Could even not be paged at all for example.

(6) By Stephan Beal (stephan) on 2020-07-01 12:20:42 in reply to 5 [link]

> Isn't that moot, since this thread is about in-memory DBs?

Even if it is moot (which i'm not saying it is), Richard provided four more perfectly valid justifications for *not* applying the requested change.

(9) By anonymous on 2020-07-01 16:42:19 in reply to 6 [link]

Thank you for all your answers. I did not at all intend to request a change.

From my beginners perspective sqlite is a very cool swiss knife, and I wondered whether I could use it as data structure in memory, without the need to copy the data elsewhere. 
When the SQL request yields the data, I want to keep a pointer to the record, for later access, without copying the data (it is in memory already!). So is there a way to do this with sqlite (without hacking)?

(10) By Richard Hipp (drh) on 2020-07-01 16:49:47 in reply to 9

> I want to keep a pointer to the record, for later access, without copying the data.... So is there a way to do this

No.  The content in the database file is encoded for compact storage.  The
values must be read and be decoded prior to being returned, as the values
would be largely useless to the application otherwise.

(12) By Gunter Hick (gunter_hick) on 2020-07-02 06:58:48 in reply to 9 [link]

The only way (I can think of at the moment) to have the rowid be the memory address of a row is with a virtual table implementation that keeps uncompressed rows directly in memory.

I have written such a virtual table for a proprietary application that supports tree, hash and array keys. That involved a large amount of coding. And memory addresses are only stable as long as records are never deleted.

A different virtual table implements access to Faircom CTree files where the memory address of a row is always the same for a given table, namely the record buffer associated with the cursor. This is of course only valid for the current record and gets overwritten as soon as the next record is requested.

I suspect the carray virtual table would return the memory address as the rowid, but that would appear to be a very roundabout way to access rows that you put into known memory locations yourself beforehand

(7) By Larry Brasfield (LarryBrasfield) on 2020-07-01 14:09:08 in reply to 5 [link]

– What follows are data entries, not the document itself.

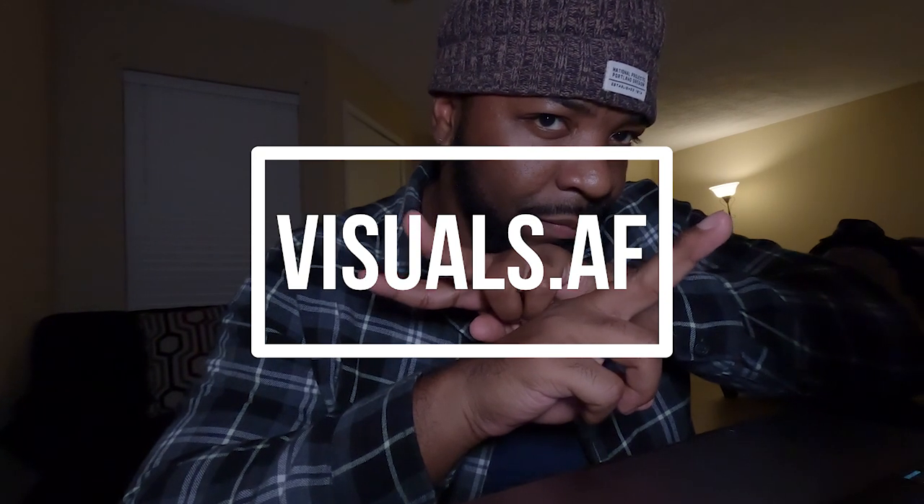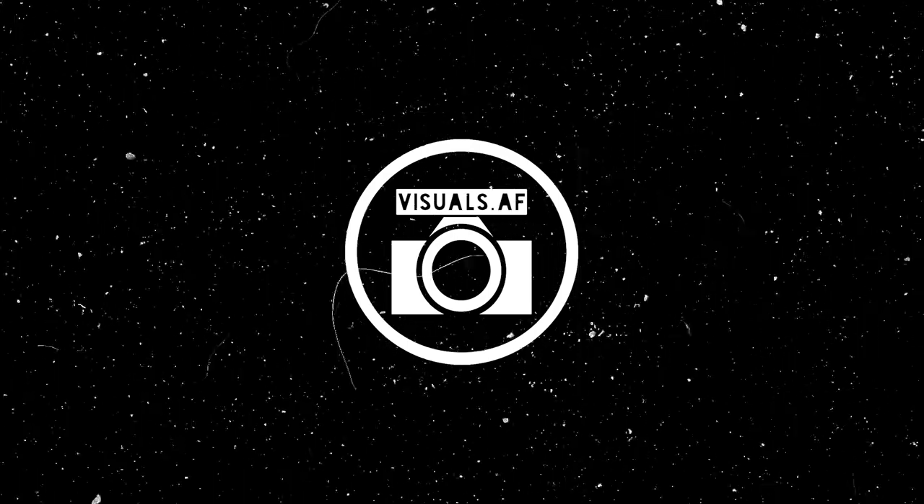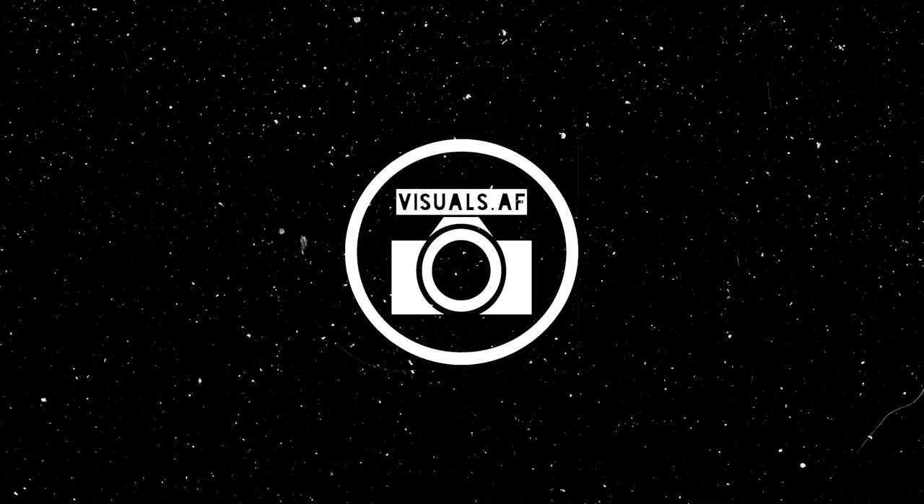That's me reviewing my film. One day I'll have that perfect 36 out of 36 and it's gonna be lit — I'm claiming it, we're gonna make it happen. That's my roll of expired Cinestill 50D. I appreciate y'all for rocking with me and continuing to rock with me — let me know what you think of these shots in the comments below. Until next time, Visuals AF is here, thank y'all, I appreciate it.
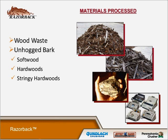The razorback can process wood waste, non-hog bark, softwood, hardwood, stringy hardwoods, and stone and aggregate.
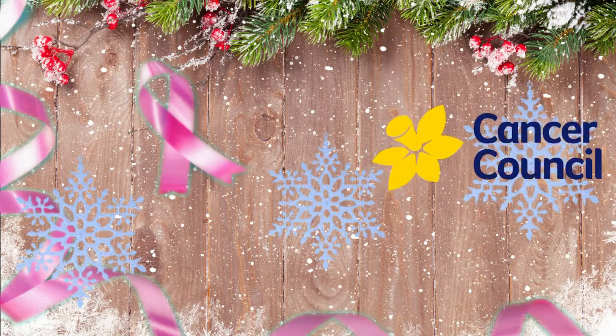Yesterday I found out that my grandmother has been diagnosed with breast cancer. I really do hope she will be okay, but my auntie has decided for her birthday this year she is asking for donations to a fundraiser she has started. The fundraiser is for Cancer Australia.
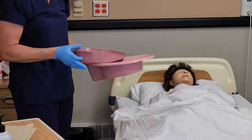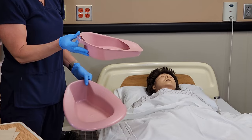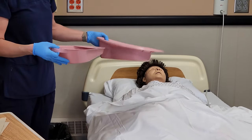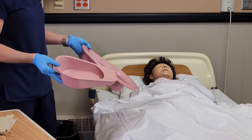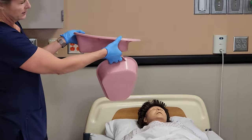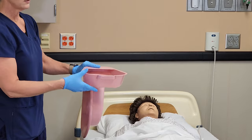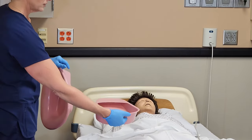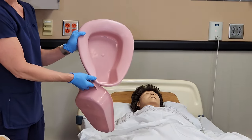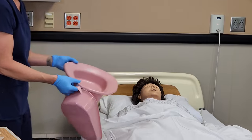We have both types here. A fracture pan is typically for people who have had a hip or leg fracture — it's a little bit smaller than a standard bedpan. With either bedpan, the lower end or the part that's not as wide goes underneath. The fracture pan is easy to remember because the handle is here. The normal bedpan looks like a toilet seat, and you'll just place them on like you would a normal toilet seat.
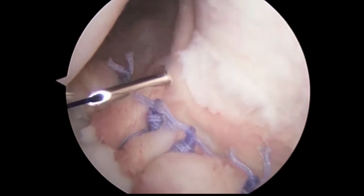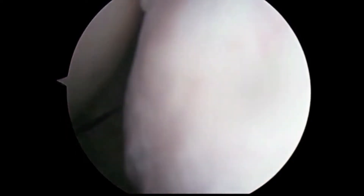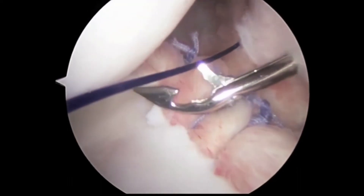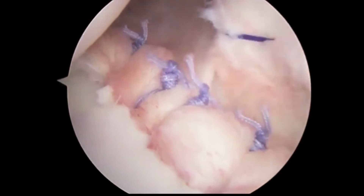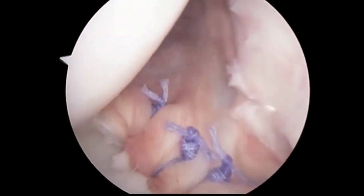This is done by again putting a suture through the tissue, grasping it, and then passing another suture to secure it. Here we see the final result.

No, it is not moot for that reason.

In order to use pointers for in-memory table row references and rowids with b-tree traversal for on-disk table row references, there would have to be significant duplication of functionality to provide row reference creation and use, in portions of code which, today, have no dependence upon the physical form of storage.

The in-memory and on-disk distinction is only made at the VFS level; the code which produces the file-format (even in memory) is insulated from how the block I/O is implemented.  That would cease to be true if this putative optimization were to be effected in the non-VFS portions of the code.

(8) By anonymous on 2020-07-01 15:08:53 in reply to 7 [link]

That's point #4. You can't use it to somehow make #5 not moot :)

Changes to how in-memory DBs are implemented are entirely an implementation  
detail of SQLite, and wouldn't in any way affect the on-disk and documented  
file format.

All the other points remain of course, and we all know this won't happen;  
Richard made that crystal clear. Your argument does seem very flawed to me!

(11) By Larry Brasfield (LarryBrasfield) on 2020-07-01 17:17:35 in reply to 8 [link]

> That's point #4. You can't use it to somehow make #5 not moot :)

Conceded.

> Your argument does seem very flawed to me!

The argument itself was not flawed, but certainly misdirected.